Некий слесарь Васильев расписывается в том, что клянется сохранить в строжайшем секрете от всего мира устройство самолета, макет которого ему доверено и поручено изготовить профессором Е. С. Федоровым. Васильев, слесарь, так хорошо от всего мира схоронил секрет, что ни макета, ни чертежей обнаружить до сих пор не удалось.
Самолет построен вроде бы не был: никаких диковинных аппаратов с аэродромов в первую мировую не взлетало; конечно, они все были диковинные с нынешней точки зрения, но уж федоровский должен был бы быть какой-нибудь монстр, сверхдиковинный и доселе невиданный, это уж точно; и почему бы, право, биографам, все на свете разыскавшим касательно Евграфа Степановича, не приложить дополнительных усилий: авось отыщется схема! Любопытно же. От него, от нашего, всякого ведь можно ожидать…
Конечно, поставка новых видов вооружения для нужд обороны не была обременительна для него и в его обширной деятельности занимала скромное место; скорее даже это было для него забавой. Но эти безделки, исполняемые в одну ночь, добавляют недоумения, которого и без того немало накопилось. Будем говорить прямо. О разносторонности его дарования это свидетельствует? Еще как. А отсюда прямиком мы катимся к острой догадке. А не с того ли он бранился (с академиками, имеется в виду)? И желчен и зол был не с того ли?..
Да, он уже стал великим ученым, а поскольку он к тому же был эрудированным человеком по части истории науки, то великолепно сознавал, к какому ряду имен уже причислен. Делоне подытожил обозрение федоровских трудов такими словами: «Мне бы хотелось в заключение назвать несколько самых крупных представителей точного естествознания в России (не биологии, а точного естествознания, включая химию). Это, конечно, Лобачевский… Затем, через 30 лет, в 1869 году — Менделеев. Затем, через 20 лет, в 90-х годах — Федоров… Так и надо считать, что мы имели в нашей стране двух гениальных геометров, один из гениальных гениальнейший — это Лобачевский, а второй Федоров…»
Академик В. И. Вернадский тоже поставил рядом два имени: Менделеев и Федоров.
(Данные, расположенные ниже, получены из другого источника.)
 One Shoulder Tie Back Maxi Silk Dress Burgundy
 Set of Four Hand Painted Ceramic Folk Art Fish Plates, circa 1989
Итак, он великий ученый, к которому хоть и с опозданием, но пришла слава… С опозданием, но при жизни! Достаточно, чтобы чувствовать себя хоть в какой-то степени удовлетворенным (если уж чувствовать себя счастливым ему не дано, как однажды нами было замечено). А он желчен, озлоблен… То он торжественно провозглашает, что для величайших открытий человеческого ума не нужны были эксперименты, то с грустью вещает, что не сделал всех своих открытий, потому что не дали ему экспериментировать. «Без опытов нельзя». Опыты ему нужны были для кристаллографических исследований?
Не для кристаллографии нужны были ему эксперименты, а для того, чтобы вырваться из кристаллографии! Уйти из нее в другую область науки. Притянуть к ней другие области науки. Он осознавал себя (без ложной скромности, за нашего героя заметим) великим геометром и великим кристаллографом, но чувствовал, что обречен быть всего лишь (кощунственно звучит) великим геометром и кристаллографом. А может стать еще великим физиком и химиком! Знаний и идей (и подобного «этого добра») у него смолоду было предостаточно, так что, «проживи я еще столько же, то и то не успел бы в мир сплавить, без опытов нельзя».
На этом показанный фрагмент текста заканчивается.